[Short descriptive text snippets]
************

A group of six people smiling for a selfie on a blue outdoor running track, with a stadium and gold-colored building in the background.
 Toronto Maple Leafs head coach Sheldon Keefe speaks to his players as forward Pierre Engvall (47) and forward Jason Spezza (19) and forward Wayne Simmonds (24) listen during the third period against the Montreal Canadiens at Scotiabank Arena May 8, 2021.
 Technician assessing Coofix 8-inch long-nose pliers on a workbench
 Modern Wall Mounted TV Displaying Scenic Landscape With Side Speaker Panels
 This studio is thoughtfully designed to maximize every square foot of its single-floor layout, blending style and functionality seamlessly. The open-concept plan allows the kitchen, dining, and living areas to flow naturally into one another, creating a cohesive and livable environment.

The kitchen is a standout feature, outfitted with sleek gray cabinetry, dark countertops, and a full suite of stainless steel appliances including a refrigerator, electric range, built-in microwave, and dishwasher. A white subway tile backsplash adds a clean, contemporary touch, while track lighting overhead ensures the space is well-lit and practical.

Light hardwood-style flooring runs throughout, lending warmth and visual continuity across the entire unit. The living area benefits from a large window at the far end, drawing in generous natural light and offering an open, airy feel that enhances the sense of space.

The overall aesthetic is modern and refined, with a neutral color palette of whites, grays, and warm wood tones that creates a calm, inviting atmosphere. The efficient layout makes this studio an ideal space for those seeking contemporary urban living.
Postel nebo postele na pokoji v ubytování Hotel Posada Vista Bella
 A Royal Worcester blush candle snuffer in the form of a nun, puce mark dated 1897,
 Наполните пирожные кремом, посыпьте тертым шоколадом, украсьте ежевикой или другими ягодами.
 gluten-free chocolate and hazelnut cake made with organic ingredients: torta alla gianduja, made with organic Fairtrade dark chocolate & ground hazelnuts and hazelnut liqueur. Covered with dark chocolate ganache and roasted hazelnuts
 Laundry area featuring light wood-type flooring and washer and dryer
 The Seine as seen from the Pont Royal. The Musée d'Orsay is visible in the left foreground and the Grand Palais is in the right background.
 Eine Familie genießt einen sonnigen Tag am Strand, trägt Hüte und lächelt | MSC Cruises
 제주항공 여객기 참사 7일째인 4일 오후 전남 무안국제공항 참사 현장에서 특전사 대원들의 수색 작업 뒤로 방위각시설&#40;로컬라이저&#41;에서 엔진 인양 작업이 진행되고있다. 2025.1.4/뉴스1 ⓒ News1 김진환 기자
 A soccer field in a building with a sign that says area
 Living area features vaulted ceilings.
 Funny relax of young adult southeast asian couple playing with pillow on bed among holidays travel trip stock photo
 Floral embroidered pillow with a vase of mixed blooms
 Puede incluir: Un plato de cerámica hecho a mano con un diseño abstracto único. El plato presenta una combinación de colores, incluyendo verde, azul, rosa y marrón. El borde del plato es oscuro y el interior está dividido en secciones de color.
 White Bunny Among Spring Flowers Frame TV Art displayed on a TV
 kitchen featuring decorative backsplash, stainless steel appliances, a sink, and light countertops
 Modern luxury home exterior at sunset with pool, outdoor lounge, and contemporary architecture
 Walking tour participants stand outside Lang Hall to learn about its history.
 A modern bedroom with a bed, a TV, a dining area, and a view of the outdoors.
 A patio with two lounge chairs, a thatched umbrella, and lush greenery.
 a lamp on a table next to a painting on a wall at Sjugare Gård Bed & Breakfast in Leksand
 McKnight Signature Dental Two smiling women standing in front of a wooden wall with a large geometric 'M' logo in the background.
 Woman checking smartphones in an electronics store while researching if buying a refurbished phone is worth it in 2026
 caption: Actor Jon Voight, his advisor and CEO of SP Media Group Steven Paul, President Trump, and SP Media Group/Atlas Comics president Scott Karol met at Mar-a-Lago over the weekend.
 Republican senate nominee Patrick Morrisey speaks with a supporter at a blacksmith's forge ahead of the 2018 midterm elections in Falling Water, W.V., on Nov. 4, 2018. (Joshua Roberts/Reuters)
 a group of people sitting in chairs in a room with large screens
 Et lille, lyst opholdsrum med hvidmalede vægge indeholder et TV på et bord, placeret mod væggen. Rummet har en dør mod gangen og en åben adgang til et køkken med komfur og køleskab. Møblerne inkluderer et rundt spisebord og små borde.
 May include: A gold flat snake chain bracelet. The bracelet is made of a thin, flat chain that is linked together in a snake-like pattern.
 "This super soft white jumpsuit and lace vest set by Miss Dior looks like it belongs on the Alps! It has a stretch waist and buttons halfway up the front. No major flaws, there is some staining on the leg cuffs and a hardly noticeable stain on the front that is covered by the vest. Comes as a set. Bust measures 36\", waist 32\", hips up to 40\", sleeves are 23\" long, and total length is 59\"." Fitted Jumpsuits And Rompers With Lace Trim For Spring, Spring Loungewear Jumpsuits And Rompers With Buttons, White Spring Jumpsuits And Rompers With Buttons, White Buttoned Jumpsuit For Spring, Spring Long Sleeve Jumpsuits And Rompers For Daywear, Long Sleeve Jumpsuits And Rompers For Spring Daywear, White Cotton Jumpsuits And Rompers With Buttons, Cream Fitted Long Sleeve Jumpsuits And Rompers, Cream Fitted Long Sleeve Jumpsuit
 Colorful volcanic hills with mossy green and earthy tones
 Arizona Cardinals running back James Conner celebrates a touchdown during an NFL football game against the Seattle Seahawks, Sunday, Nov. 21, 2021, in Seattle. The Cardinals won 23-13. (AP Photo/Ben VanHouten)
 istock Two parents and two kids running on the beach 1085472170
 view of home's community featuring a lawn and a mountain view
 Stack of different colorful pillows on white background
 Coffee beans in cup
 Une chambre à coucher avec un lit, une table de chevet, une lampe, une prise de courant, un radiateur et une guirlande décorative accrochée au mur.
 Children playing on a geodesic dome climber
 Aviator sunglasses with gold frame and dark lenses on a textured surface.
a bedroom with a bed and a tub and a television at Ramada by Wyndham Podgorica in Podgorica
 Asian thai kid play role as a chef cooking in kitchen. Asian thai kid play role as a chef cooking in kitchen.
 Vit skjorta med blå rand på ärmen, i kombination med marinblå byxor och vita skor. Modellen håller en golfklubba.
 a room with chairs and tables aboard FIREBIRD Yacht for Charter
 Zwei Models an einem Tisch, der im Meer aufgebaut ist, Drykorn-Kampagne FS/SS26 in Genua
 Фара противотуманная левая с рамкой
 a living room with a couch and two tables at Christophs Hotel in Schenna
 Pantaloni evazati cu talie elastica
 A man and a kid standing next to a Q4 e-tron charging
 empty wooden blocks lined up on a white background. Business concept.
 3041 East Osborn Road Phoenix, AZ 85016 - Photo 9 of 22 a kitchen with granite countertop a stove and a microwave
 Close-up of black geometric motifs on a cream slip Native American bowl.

************

§ Work to be completed: Read through the records above and copy the lines that contain "concept".

§ Exercise response:
 This studio is thoughtfully designed to maximize every square foot of its single-floor layout, blending style and functionality seamlessly. The open-concept plan allows the kitchen, dining, and living areas to flow naturally into one another, creating a cohesive and livable environment.
 empty wooden blocks lined up on a white background. Business concept.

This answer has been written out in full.